Tali valutazioni, come riporta l’autore, sono presenti anche nelle audizioni sul disegno di legge Calderoli lasciate agli atti dalle principali associazioni di datori di lavoro, piccole imprese, lavoratori autonomi e sindacati.

A fronte della deriva che ho appena ricordato, si invoca ritualmente l’arrivo, dopo due decenni di vana ricerca, dei cosiddetti Lep, i livelli essenziali delle prestazioni. È importante che Fassina, anche qui con il supporto delle osservazioni della Banca d’Italia e dell’Ufficio parlamentare di Bilancio, oltre che delle analisi più tecniche e semiclandestine della stessa Commissione Cassese, ne documenti la vera funzione: fare da foglia di fico alla reale natura dell’operazione Autonomia differenziata.

Fermare la deriva

Bisogna fermare questa deriva, tornare alla ragione e fare qualcosa di serio. C’è un fondamento autonomistico nel nostro sistema istituzionale e politico. Lo confermano anche i passaggi del dibattito per la scrittura delle norme sulla forma di stato, svolto all’Assemblea costituente.

Nel primo capitolo del libro, Fassina riproduce alcuni passaggi dei nostri più autorevoli “padri” espressione dell’intero spettro parlamentare. Sarebbe, quindi, assurdo e deleterio anche soltanto tentare di arretrare su improbabili centralizzazioni ministeriali. La sussidiarietà è valore imprescindibile.

Certamente, le autonomie territoriali evidenziano problemi. Sono urgenti interventi di razionalizzazione di competenze e risorse. Il dramma, tuttavia, è che si è proceduto e si vuole continuare a procedere sempre a compartimenti stagni. Si affronta la questione, per sua natura sistemica, mettendo mano in modo dissociato ora a questo ora a quel versante delle istituzioni di governo della Repubblica. Non può funzionare.

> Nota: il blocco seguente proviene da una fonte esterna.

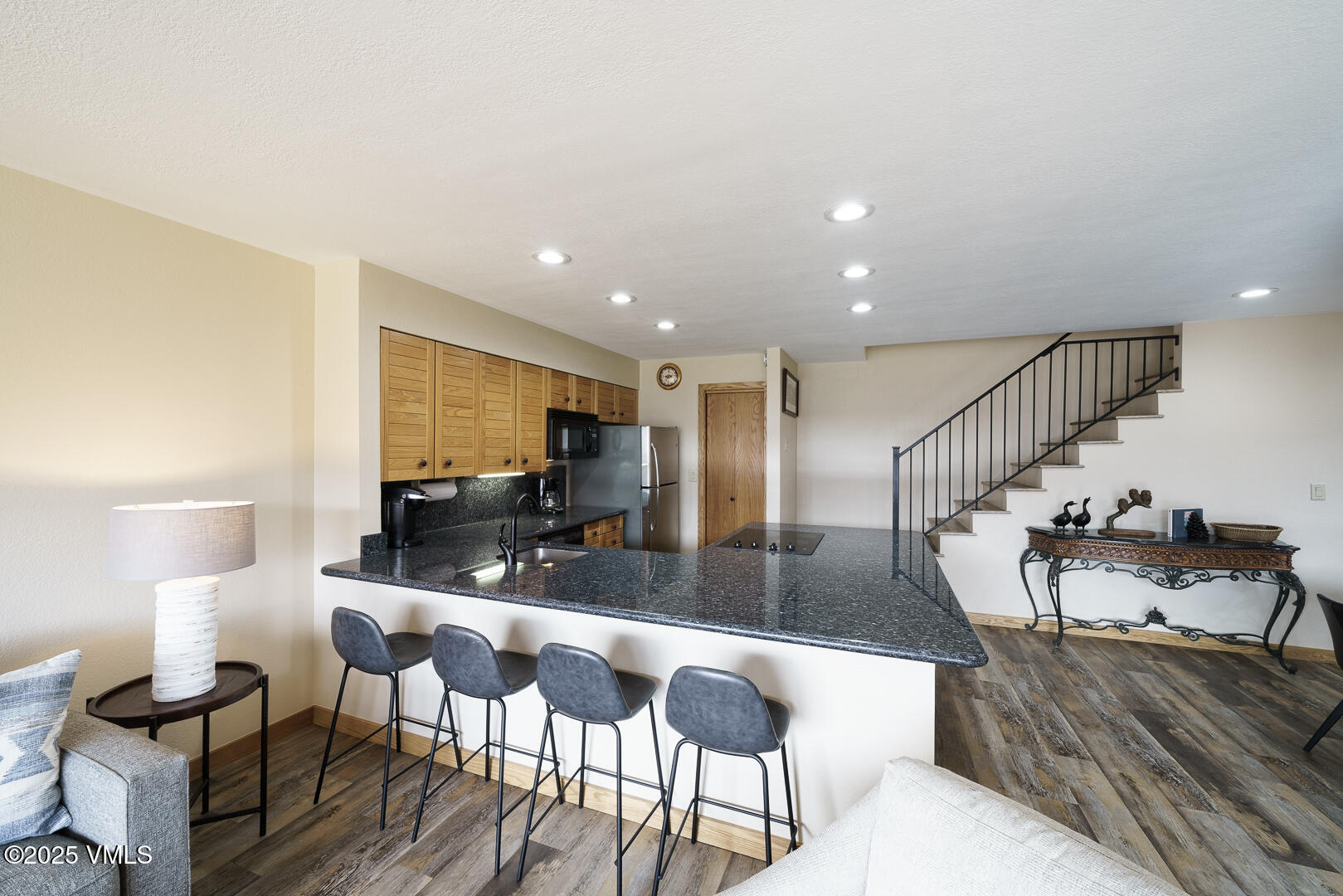 1121 Berry Creek Road, Unit B3 Edwards, CO 81632 - Photo 4 of 38 a kitchen with granite countertop lots of furniture and a view of living room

Non può esistere una indispensabile messa a punto del sistema delle autonomie senza uno sguardo che le consideri nell’insieme e cioè nelle relazioni fra loro e fra loro e lo stato nazionale. Tra tante bicamerali che si improvvisano, è mancata e continua a mancare quella più importante. Quella, cioè, che dovrebbe procedere a una rilettura del sistema delle autonomie. Senza uno sforzo del genere le manderemmo alla deriva fra impulsi e velleità di centralizzazione e fughe in avanti disgregatrici.

Attenzione anche ai baratti politici. L’elezione diretta del capo del governo non compenserebbe la perdita di regia e controllo nazionale di materie e entrate fiscali essenziali. Andremmo, al contrario, tutti a fondo, in una fase storica dove ritorna necessaria e decisiva la funzione di governo dell’economia. È finita la stagione del fai da te dei mercati.

L’illusione del fai da te delle regioni accentua la deriva. Fassina si sofferma, infine, su questioni crucialissime. Si riferiscono all’orizzonte europeo, a policy e riforme rivolte all’allentamento dei “vincoli interni” e dei “vincoli esterni”: condizionano e incidono anche sulle regioni del nord.

Entrano in tensione. Sono questioni e proposte decisive per invertire il declassamento del nord. Meriterebbero davvero un confronto serio e impegnativo. Invece, segnalano la distanza siderale fra quello che si dovrebbe discutere e quello che siamo costretti a discutere.